To do:
There is material below. Print exactly the lines starting at the line with "RMVB Fulda Stadtschloss - Fulda Marianum map" and ending at the line with "Read Everyone’s Darling", ends included, and no others.

Available records:
━━━━

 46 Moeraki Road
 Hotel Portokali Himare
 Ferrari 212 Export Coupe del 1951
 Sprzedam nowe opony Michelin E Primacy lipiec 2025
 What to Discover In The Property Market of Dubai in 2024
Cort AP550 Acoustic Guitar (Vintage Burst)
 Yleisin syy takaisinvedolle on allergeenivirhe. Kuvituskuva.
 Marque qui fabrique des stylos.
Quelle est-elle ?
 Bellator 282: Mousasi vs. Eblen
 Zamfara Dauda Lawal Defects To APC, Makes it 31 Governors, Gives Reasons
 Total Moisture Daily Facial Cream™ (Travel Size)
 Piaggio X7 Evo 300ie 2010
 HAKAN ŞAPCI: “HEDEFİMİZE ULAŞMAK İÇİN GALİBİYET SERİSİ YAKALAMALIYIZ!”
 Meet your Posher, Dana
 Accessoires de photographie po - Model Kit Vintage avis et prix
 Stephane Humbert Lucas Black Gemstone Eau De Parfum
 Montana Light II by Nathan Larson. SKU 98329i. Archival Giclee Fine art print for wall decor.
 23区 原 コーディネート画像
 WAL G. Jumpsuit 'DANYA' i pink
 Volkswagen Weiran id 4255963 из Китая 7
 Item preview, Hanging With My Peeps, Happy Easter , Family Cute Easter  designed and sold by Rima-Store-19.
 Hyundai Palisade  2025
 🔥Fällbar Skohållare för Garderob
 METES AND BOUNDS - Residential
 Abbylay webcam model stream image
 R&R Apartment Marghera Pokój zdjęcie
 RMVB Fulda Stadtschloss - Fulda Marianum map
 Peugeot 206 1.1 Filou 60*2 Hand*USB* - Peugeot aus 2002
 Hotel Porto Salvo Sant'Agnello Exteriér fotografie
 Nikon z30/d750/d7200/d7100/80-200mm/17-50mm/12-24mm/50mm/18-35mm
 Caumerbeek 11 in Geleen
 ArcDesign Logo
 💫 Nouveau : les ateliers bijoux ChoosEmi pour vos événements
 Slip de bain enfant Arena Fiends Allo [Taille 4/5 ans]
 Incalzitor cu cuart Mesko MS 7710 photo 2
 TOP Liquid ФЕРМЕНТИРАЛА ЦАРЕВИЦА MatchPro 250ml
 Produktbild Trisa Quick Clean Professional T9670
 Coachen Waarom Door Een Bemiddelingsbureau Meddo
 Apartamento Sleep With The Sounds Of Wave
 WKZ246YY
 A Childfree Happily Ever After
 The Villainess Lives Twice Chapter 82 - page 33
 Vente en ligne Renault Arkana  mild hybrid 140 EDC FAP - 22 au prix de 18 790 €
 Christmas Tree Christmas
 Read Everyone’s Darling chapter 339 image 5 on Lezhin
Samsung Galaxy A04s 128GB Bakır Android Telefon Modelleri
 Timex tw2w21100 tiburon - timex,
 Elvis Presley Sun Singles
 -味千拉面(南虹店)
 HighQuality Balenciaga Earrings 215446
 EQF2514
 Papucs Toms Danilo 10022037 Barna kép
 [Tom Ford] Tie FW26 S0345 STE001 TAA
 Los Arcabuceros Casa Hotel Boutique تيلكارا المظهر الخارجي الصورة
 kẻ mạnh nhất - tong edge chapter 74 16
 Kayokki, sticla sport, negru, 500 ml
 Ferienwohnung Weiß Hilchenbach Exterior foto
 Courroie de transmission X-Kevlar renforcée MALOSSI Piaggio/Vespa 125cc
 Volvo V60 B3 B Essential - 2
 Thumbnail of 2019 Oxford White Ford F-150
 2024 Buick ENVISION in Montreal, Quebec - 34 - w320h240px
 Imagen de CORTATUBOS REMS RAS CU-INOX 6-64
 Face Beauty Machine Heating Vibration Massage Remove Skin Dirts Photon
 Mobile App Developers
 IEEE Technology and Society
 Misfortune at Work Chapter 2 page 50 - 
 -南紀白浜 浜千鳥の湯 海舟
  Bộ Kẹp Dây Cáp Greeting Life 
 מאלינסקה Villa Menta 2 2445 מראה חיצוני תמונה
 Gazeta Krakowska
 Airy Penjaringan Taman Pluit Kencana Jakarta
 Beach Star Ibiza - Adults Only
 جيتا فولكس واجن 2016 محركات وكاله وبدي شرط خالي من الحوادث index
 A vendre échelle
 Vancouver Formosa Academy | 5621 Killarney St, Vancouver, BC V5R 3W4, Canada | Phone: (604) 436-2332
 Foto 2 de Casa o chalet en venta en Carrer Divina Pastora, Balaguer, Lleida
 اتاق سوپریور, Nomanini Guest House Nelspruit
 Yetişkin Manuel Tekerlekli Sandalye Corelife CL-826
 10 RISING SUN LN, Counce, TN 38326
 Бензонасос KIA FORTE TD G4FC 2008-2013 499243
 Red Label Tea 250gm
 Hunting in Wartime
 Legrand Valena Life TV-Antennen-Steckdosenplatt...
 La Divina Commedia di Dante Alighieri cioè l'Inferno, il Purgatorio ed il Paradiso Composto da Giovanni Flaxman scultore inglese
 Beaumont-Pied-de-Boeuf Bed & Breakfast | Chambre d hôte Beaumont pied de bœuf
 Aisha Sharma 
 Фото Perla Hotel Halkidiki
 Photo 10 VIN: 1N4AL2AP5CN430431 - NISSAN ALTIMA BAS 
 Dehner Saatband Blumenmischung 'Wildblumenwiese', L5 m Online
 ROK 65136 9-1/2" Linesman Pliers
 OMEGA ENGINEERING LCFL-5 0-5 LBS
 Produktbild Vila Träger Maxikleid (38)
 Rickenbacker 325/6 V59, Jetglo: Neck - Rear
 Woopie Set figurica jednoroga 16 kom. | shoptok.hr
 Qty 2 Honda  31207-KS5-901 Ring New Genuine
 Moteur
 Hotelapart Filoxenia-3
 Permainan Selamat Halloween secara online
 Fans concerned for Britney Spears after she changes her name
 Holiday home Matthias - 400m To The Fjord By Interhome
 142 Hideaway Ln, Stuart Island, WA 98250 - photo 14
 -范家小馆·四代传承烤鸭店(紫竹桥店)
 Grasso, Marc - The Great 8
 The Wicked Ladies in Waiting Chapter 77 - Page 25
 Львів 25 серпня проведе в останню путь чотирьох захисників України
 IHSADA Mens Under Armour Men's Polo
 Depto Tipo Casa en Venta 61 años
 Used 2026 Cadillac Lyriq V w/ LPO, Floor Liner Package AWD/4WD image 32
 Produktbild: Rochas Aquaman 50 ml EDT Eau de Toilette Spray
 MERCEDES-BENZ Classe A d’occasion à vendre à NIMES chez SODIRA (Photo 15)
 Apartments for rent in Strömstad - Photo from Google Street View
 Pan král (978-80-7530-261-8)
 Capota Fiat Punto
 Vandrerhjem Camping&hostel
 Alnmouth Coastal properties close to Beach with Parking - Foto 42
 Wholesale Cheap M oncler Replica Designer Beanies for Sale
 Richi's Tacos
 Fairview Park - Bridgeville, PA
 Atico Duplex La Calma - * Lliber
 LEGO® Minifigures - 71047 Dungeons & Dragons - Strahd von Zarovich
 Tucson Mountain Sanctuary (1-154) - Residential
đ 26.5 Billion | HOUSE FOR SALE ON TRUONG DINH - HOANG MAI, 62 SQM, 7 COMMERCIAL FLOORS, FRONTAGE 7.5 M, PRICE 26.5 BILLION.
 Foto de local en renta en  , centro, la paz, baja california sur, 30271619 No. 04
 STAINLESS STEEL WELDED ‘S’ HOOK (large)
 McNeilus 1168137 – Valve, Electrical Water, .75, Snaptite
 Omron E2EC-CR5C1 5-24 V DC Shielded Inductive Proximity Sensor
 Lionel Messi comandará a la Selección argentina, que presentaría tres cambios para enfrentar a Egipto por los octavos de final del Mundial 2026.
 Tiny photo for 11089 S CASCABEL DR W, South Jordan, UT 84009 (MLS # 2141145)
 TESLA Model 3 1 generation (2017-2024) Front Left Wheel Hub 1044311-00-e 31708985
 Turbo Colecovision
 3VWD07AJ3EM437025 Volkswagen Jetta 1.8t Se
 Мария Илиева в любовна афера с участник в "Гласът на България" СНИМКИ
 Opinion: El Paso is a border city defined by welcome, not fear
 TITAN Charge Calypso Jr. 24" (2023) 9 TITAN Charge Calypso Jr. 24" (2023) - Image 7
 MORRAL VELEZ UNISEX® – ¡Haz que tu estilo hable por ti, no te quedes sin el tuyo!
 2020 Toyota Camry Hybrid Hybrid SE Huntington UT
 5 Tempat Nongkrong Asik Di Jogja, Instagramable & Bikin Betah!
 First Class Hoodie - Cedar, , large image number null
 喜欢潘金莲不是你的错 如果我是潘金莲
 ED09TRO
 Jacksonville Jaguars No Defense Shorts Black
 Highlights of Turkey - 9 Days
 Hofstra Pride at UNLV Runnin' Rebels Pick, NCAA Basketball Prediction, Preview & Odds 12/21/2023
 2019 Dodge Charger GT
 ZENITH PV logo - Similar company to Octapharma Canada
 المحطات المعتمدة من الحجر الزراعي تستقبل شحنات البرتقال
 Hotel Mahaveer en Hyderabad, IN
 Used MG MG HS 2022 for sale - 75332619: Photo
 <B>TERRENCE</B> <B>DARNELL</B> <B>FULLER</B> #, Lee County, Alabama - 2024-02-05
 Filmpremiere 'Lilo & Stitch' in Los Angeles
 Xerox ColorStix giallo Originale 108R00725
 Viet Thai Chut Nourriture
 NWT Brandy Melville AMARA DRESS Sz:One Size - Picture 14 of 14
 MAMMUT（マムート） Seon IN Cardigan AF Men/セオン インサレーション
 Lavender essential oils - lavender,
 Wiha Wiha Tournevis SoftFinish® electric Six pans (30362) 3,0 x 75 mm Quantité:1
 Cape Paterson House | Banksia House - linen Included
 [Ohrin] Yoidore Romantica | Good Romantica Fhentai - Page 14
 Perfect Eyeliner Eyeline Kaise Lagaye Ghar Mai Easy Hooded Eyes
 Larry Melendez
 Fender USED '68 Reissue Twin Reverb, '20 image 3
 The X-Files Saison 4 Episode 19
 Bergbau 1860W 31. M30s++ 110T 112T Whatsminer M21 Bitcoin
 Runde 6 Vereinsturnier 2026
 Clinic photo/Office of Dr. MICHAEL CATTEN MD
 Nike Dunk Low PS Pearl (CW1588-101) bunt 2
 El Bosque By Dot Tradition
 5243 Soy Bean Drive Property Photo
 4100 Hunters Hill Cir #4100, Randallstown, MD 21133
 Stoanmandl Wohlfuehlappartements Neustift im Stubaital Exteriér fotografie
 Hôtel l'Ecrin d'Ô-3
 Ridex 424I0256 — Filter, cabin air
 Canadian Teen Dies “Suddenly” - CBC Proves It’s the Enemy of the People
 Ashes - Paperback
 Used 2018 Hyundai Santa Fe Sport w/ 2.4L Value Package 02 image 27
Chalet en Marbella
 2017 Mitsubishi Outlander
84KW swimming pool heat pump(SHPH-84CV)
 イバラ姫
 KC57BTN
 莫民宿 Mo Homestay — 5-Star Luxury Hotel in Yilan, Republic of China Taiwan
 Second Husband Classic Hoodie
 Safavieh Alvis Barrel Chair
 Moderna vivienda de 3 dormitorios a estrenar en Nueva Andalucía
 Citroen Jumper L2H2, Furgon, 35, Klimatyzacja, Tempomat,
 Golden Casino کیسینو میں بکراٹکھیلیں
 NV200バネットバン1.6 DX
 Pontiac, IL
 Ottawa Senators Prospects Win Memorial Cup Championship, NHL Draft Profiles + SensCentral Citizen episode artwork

━━━━

Answer space:
 RMVB Fulda Stadtschloss - Fulda Marianum map
 Peugeot 206 1.1 Filou 60*2 Hand*USB* - Peugeot aus 2002
 Hotel Porto Salvo Sant'Agnello Exteriér fotografie
 Nikon z30/d750/d7200/d7100/80-200mm/17-50mm/12-24mm/50mm/18-35mm
 Caumerbeek 11 in Geleen
 ArcDesign Logo
 💫 Nouveau : les ateliers bijoux ChoosEmi pour vos événements
 Slip de bain enfant Arena Fiends Allo [Taille 4/5 ans]
 Incalzitor cu cuart Mesko MS 7710 photo 2
 TOP Liquid ФЕРМЕНТИРАЛА ЦАРЕВИЦА MatchPro 250ml
 Produktbild Trisa Quick Clean Professional T9670
 Coachen Waarom Door Een Bemiddelingsbureau Meddo
 Apartamento Sleep With The Sounds Of Wave
 WKZ246YY
 A Childfree Happily Ever After
 The Villainess Lives Twice Chapter 82 - page 33
 Vente en ligne Renault Arkana  mild hybrid 140 EDC FAP - 22 au prix de 18 790 €
 Christmas Tree Christmas
 Read Everyone’s Darling chapter 339 image 5 on Lezhin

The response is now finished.